As for looking for Basque connections, for all we know pre-IE Europe was a patchquilt of languages that had mostly developed independently of each other long enough for no extensive family relationships to remain.

I'm sure I've asked this before, but forgotten the answer. What connection was there, if any, between the name of the Picts and the Latin word for 'painted?' I'll guess that the connection was made at an early date, but is probably a coincidence.

Carla said...

Gabriele - are those the names that include things like 'Don', which appears as a river name from Russia to Yorkshire? If I remember rightly, a few river names in Britain (not sure about elsewhere) are not easily interpreted as Indo-European and there's a theory that they may represent an older language group.

Rick - 'Picti' appears in Latin sources and is approximately the Latin for something like 'painted ones'. It may have been purely an invention of Latin writers and never used by the Picts themselves, or it may have been a Latinised rendering of their own tribal name.
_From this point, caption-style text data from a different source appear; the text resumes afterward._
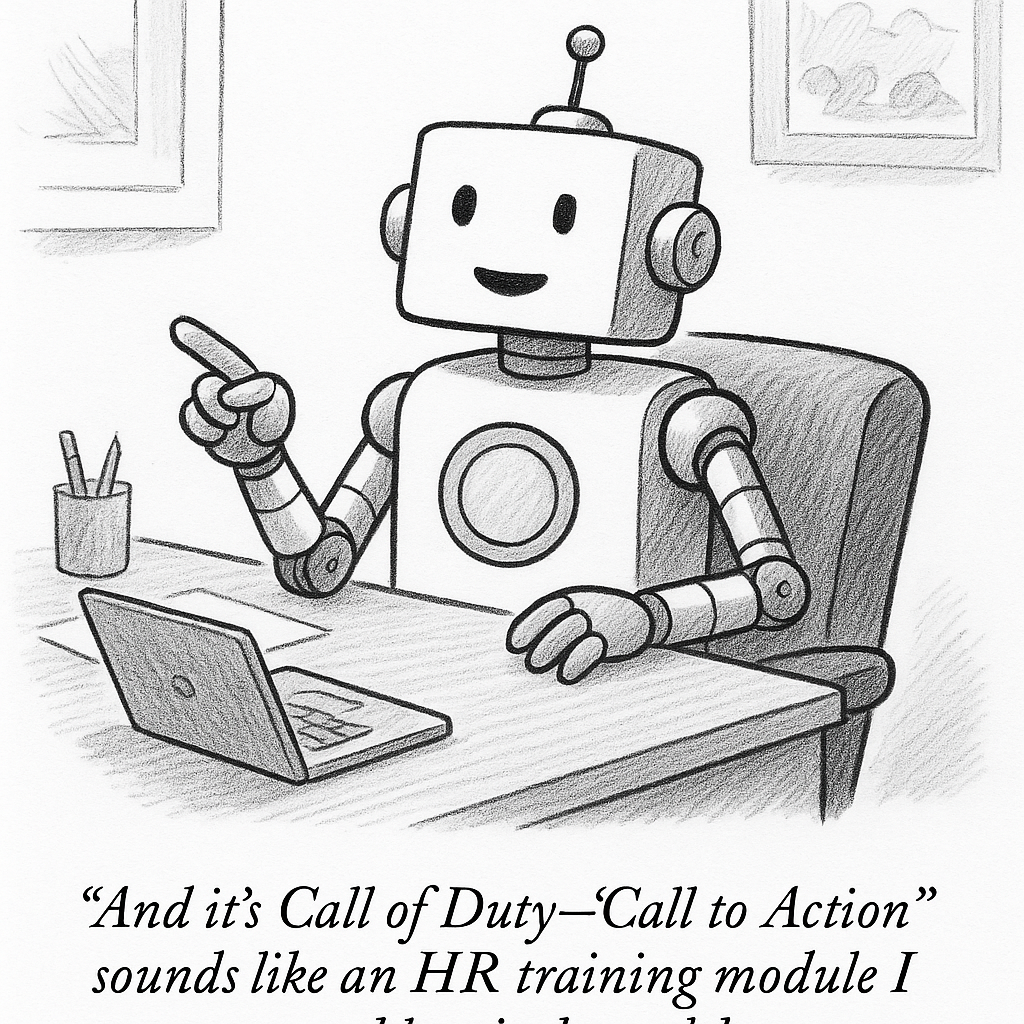 Cartoon depicting: And it's Call of Duty — 'Call to Action' sounds like an HR training module I would actively avoid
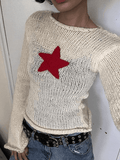 Star Crochet Knit Cropped Knit Top- Outfit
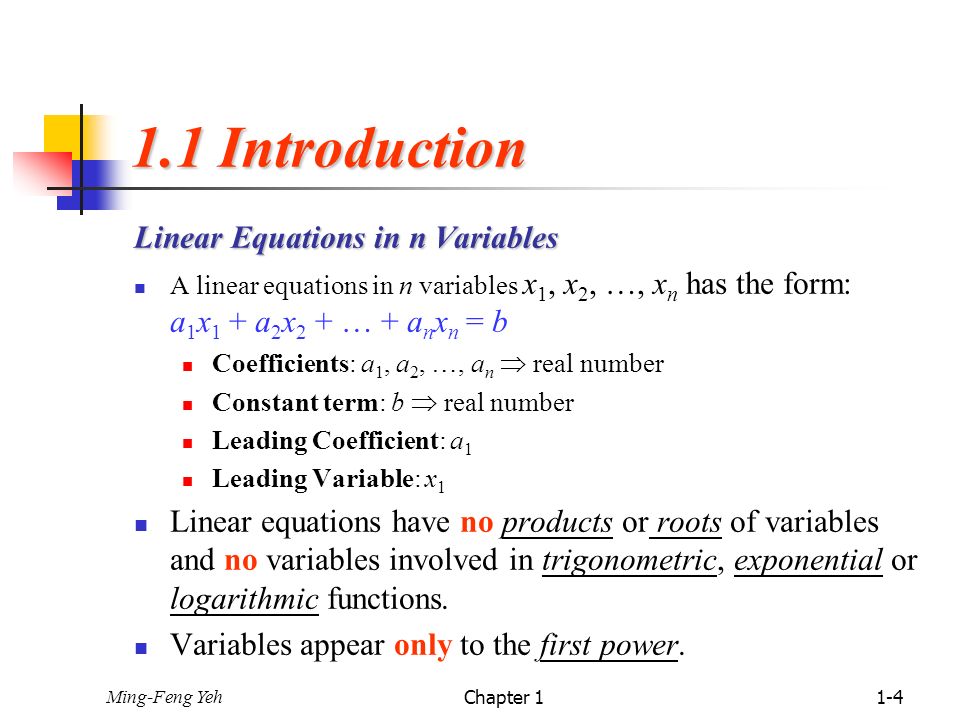 1.1 Introduction Linear Equations in n Variables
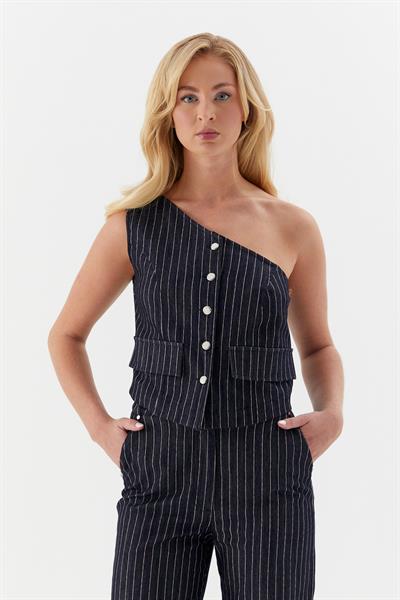 Çizgili Slim Tek Omuz İndigo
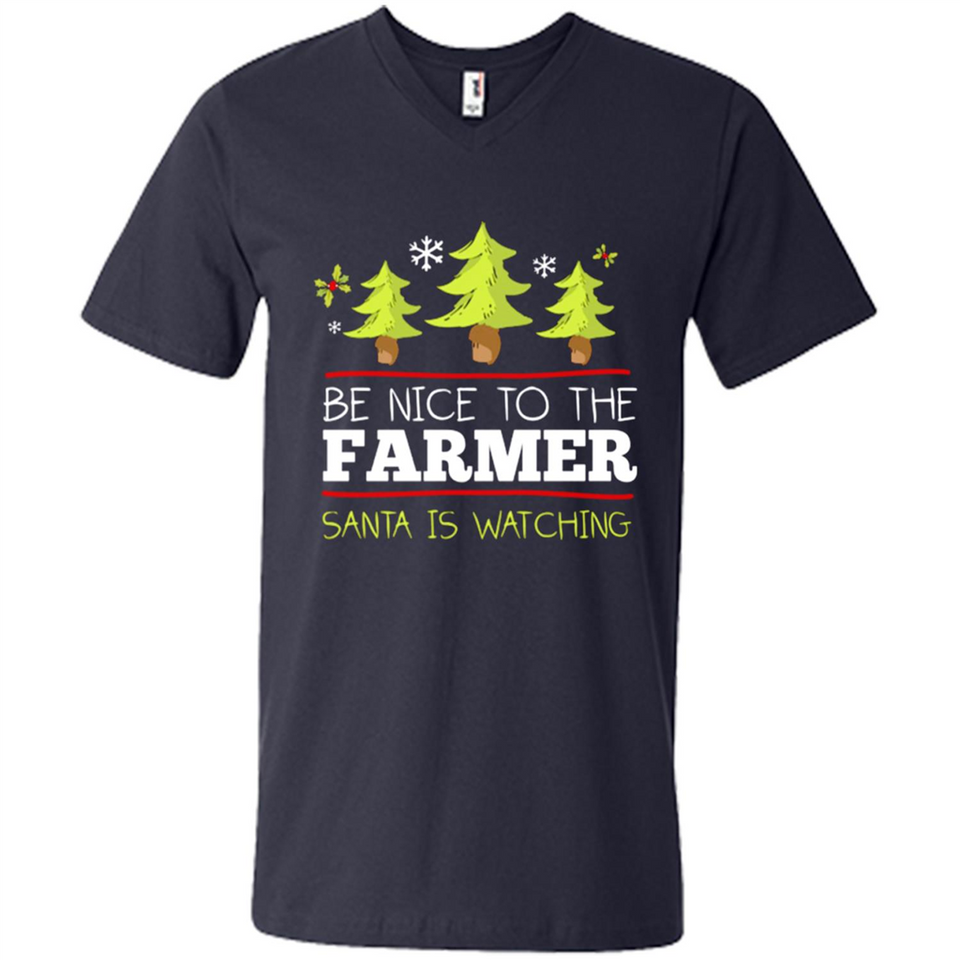 Be Nice to Farmer Santa Watching Christmas - Men's V-Neck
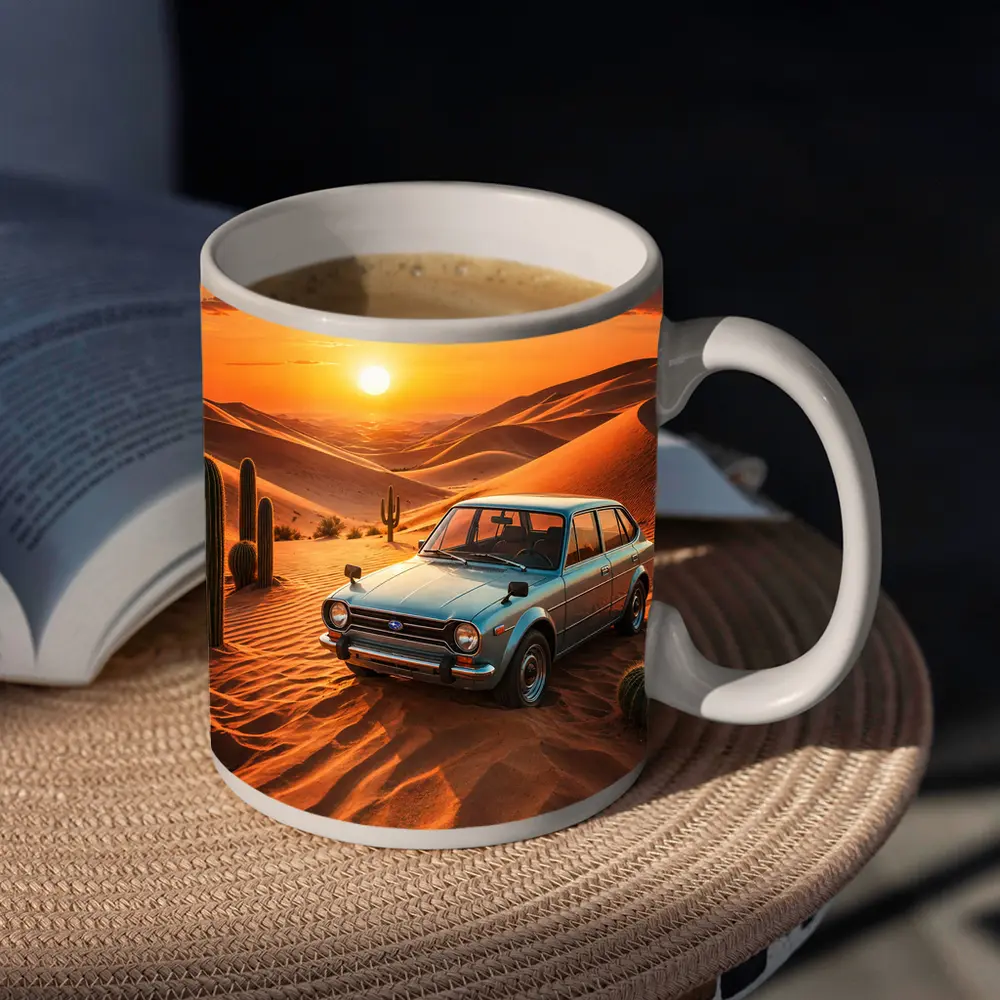 Vintage Subaru Hatchback Desert Sunset Scene – Mugs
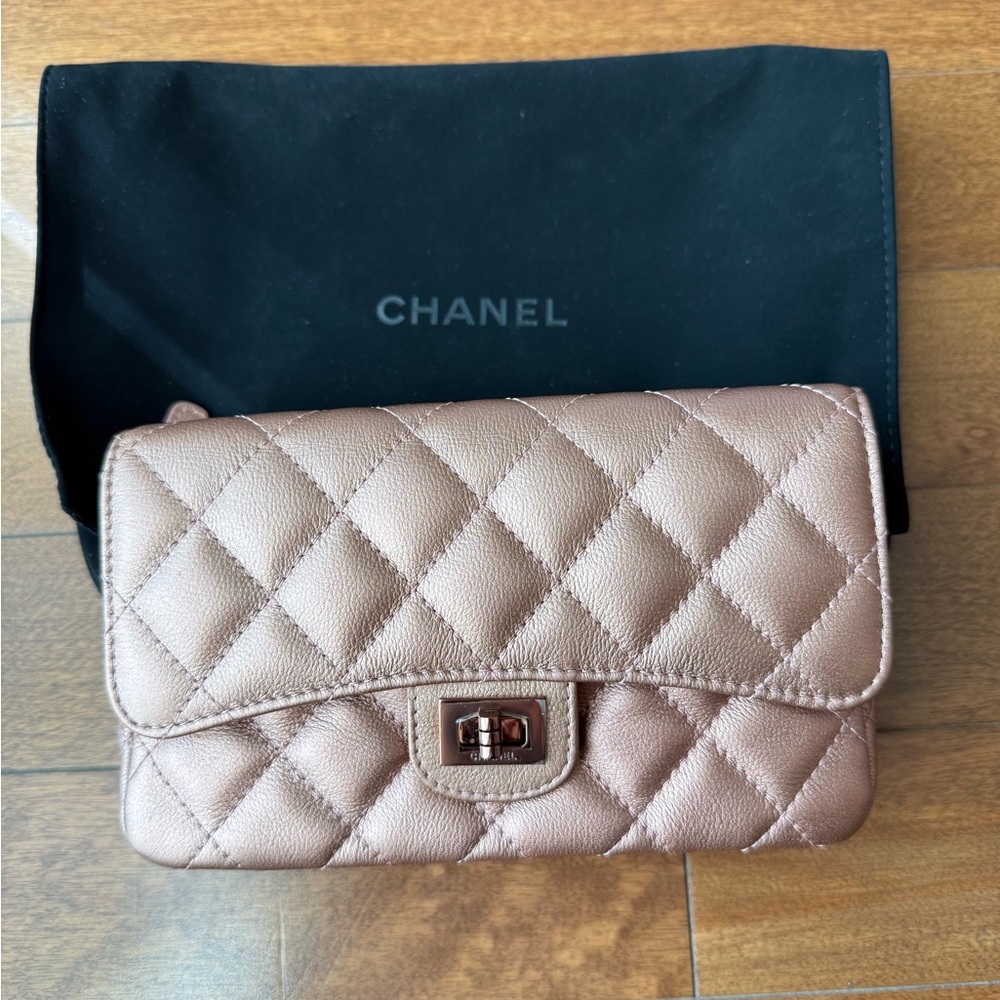 Chanel Rose Gold Reissue Phone Holder Crossbody Bag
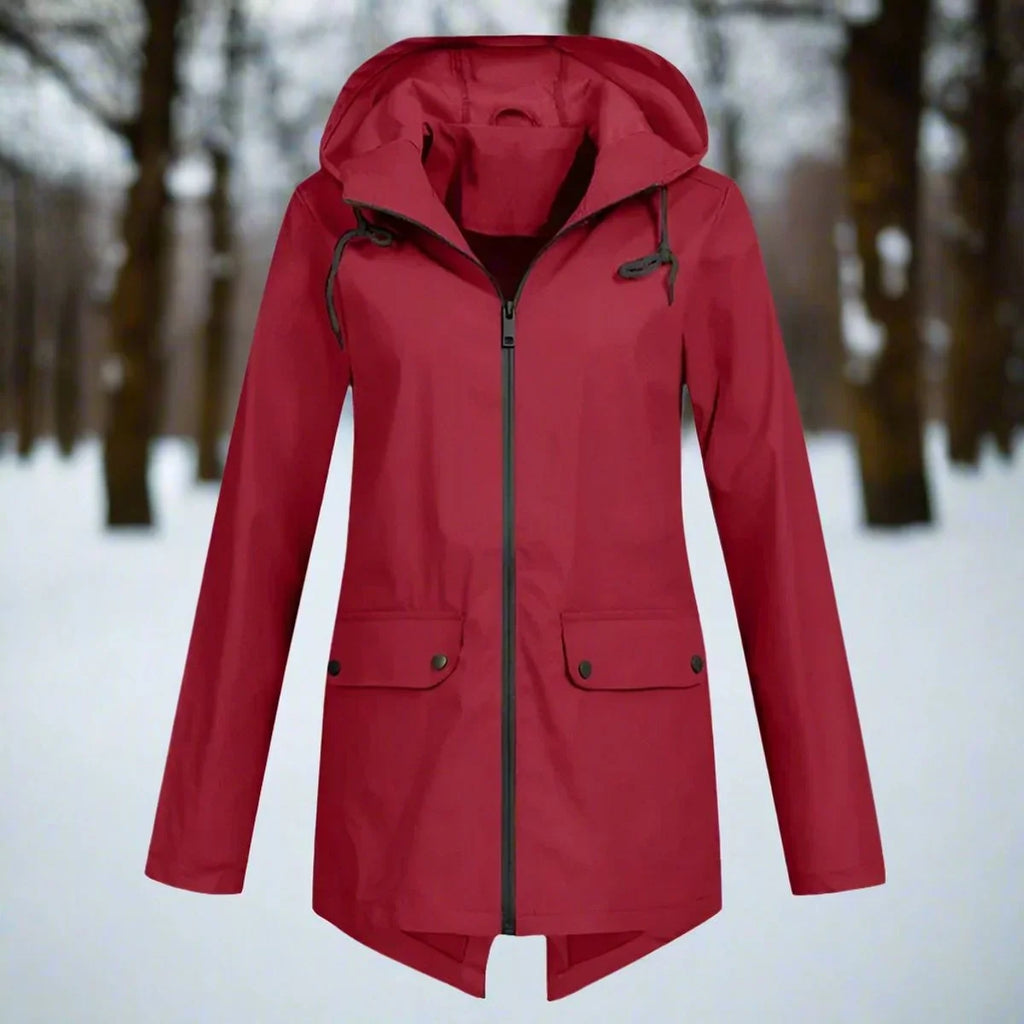 Women's Waterproof Rain Jacket | Hooded, Longline, Water-Repellent Design 9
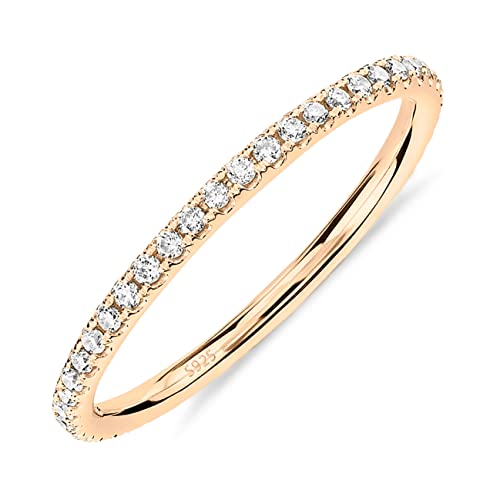 PAVOI Gold Plated Solid 925 Sterling Silver CZ Simulated Diamond Stackable Ring Eternity Bands for Women - color: 1-Pack Yellow Gold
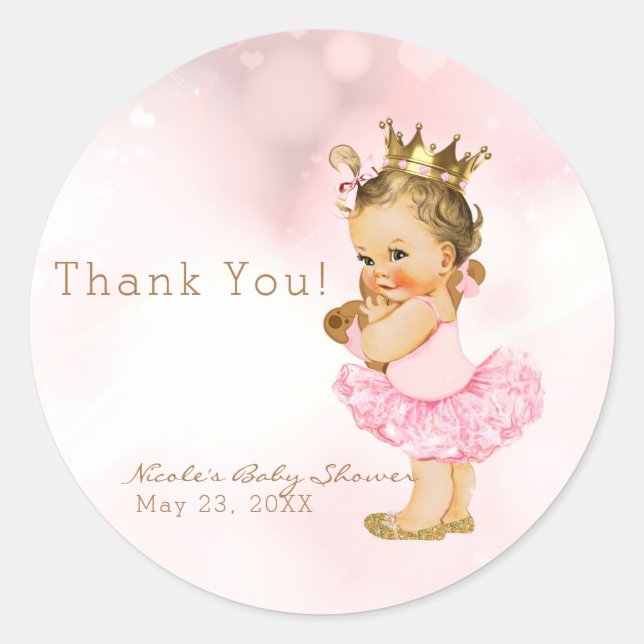 Adesivo Redondo Princesa Rosa Vintage Baby Girl Favor do Chá (Frente)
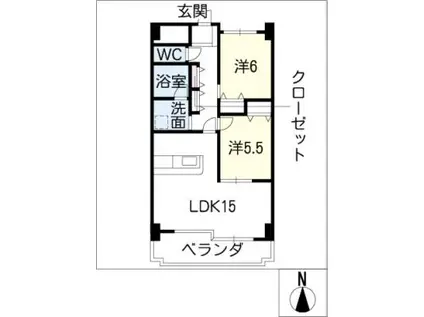 レジデンスタツミ(2LDK/1階)の間取り写真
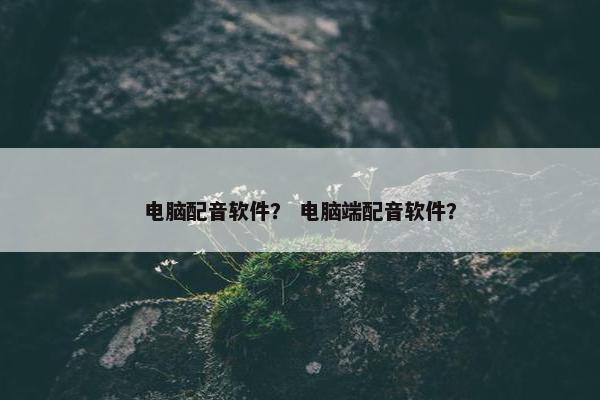 电脑配音软件？ 电脑端配音软件？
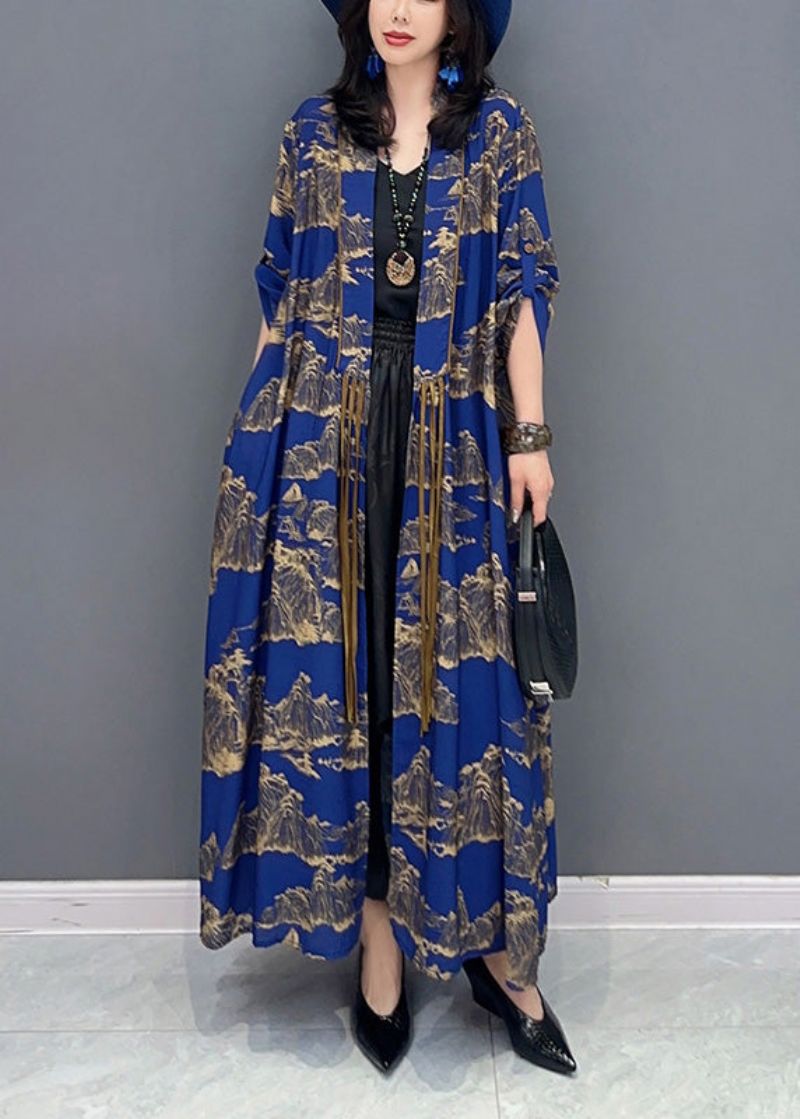 Sexy Blauwe Peter Pan-kraagprint Slanke Maxi-trenchcoats Met Lange Mouwen - Dames trenchcoats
If it's a Latinised form of a tribal name perhaps based on something like the 'Pit-' place name element, its resemblance to Latin 'Picti' (painted) would be coincidental, although no doubt Latin writers happily made the most of such a colourful coincidence. See my earlier post about the Picts and their mutliplicity of names depending on the source and the language here.

Gabriele Campbell said...

Carla, yep, there are several strata of river names. Pre-Indoeuropean, the Ancient European Hydronymy (which relates the Weser river to Whisky, lol) and the ones of languages once spoken in a country (Viking names in the UK, for example). Rivers and lakes are more conservative in keeping names than settlements, so they have those older layers while all the variants of 'York' fe. only go back to historical times.

Carla said...

Gabriele - So Weser belongs to the Usk/ Esk/ Isca/ Uisge group of river names meaning something like 'water', yes? Hence Gaelic 'usige beatha', 'water of life', Anglicised to 'whisky'. Hard to say whether some of the other place names might have been in use long before they were first recorded and so whether they might have roots extending back into prehistory. Eboracum is usually interpreted as a Latinised form of a British name with a root related to modern Scottish Gaelic 'iubhair' meaning 'yew tree' (there's a Sgurr an Iubhair, 'peak of the yew tree' in the Mamores mountain range in Scotland. If so it would predate the Romans and there's no way of knowing how far back it goes. Some settlement names might be even older; the origin of the name London still seems to be uncertain (as far as I know) and might be pre-IE, or at any rate non-IE, like the river names.

Rick said...

I knew that river names tended to persist, but not that they showed some common features across Europe.

Carla said...

Rick - a few river names share common elements, e.g. River Don (Russia), River Danube, River Don (Yorkshire) are all supposed to derive from a common IE root word something like 'danu', which might mean 'river' or refer to a river goddess, or both. How many such roots are common to river names across Europe/Eurasia I don't know; it needs more linguistic expertise than I have to differentiate between an actual connection and a coincidence of syllables that happen to look or sound similar.